The Bush administration’s plans for reforming the “new source review,” or “NSR,” air permitting regime has come under fire from Senate Democrats and environmentalists. Senator John Edwards (D.-North Carolina) is reportedly prepared to offer an amendment to the 2003 US Environmental Protection Agency appropriations bill that would block the agency from spending any funds on changes it is proposing to the NSR program. The proposed rider to the EPA spending bill reportedly has the backing of the Senate majority leader, Thomas Daschle (D.-South Dakota), and Senator Joseph Lieberman (D.-Connecticut).

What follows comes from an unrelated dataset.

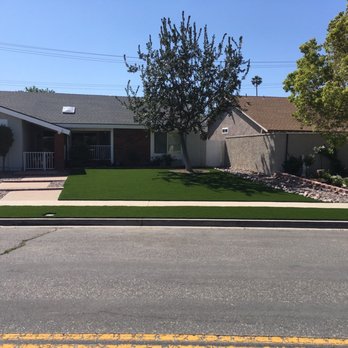Preferred Turf - Finished product including the rock stream, main area and parkway, and rock area next to walkway. - Artificial Turf Near Me Preferred Turf - Finished product including the rock stream, main area and parkway, and rock area next to walkway. - Artificial Turf Near Me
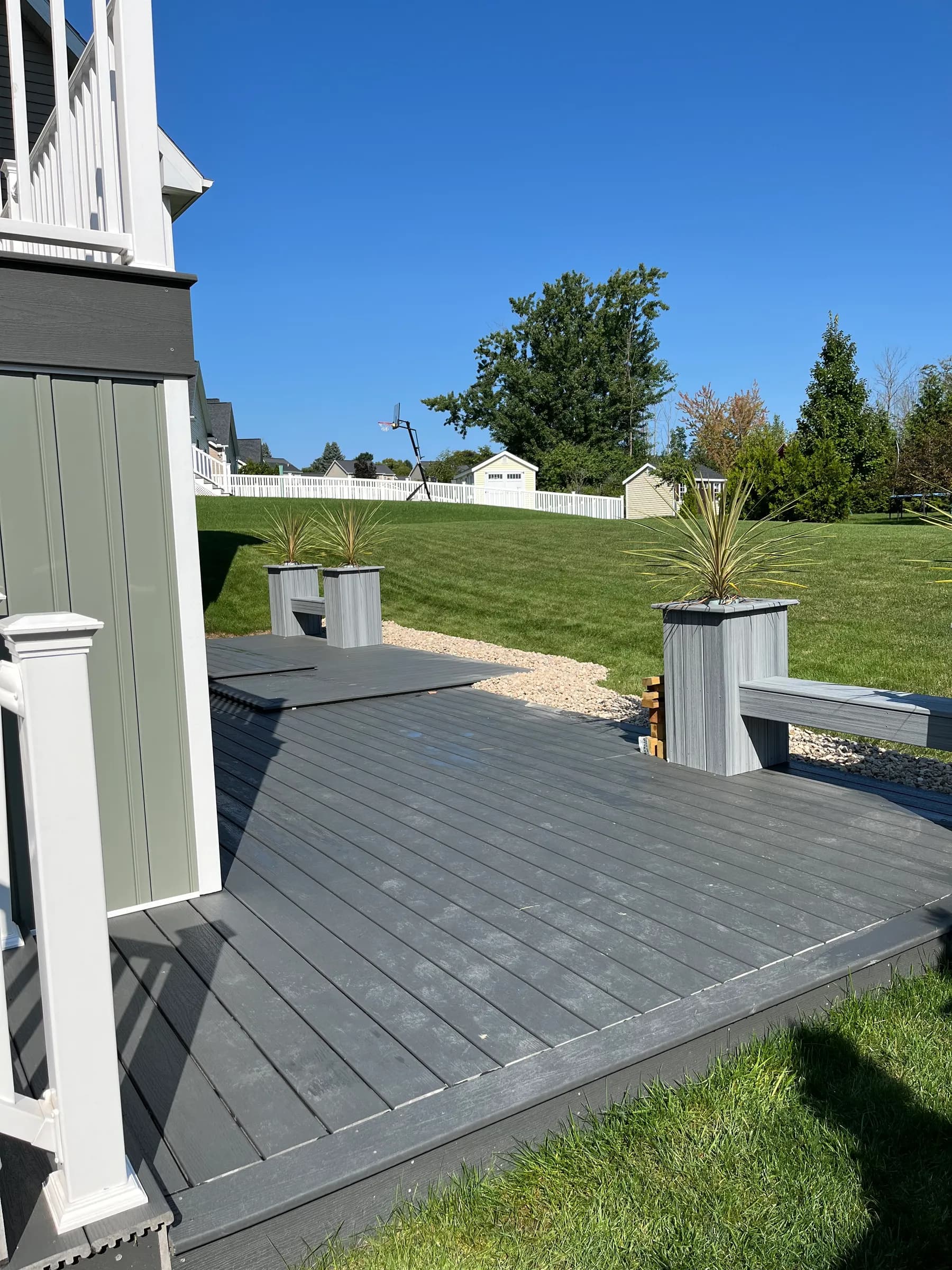 Gray composite deck with decorative white post caps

The NSR permitting program requires air permits for new and modified major sources of pollution in so-called “nonattainment” areas (areas that do not meet federal ambient air quality standards) and for all major emitters in “attainment” or clean areas.

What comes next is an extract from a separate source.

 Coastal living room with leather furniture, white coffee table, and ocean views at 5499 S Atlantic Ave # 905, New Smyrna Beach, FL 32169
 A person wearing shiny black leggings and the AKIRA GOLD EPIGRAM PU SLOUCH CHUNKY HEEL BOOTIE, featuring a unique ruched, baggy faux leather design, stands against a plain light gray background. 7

In August, Senator Edwards and 43 other Senators sent a letter to EPA Administrator Christine Todd Whitman requesting further analysis of the environmental implications of EPA’s proposed NSR reform package. While such an inquiry is not expected to have any significant impact on the administration’s internal deliberations, the letter sends a signal that there may be sufficient support in the Senate for a rider to the EPA spending bill that would stop the NSR reform effort in its tracks.
There are also reports that many appropriations bills, including the EPA spending bill, may be delayed until after the November elections. The delay may give cover to a number of members of Congress who would like to avoid a vote on a politically-changed environmental issue.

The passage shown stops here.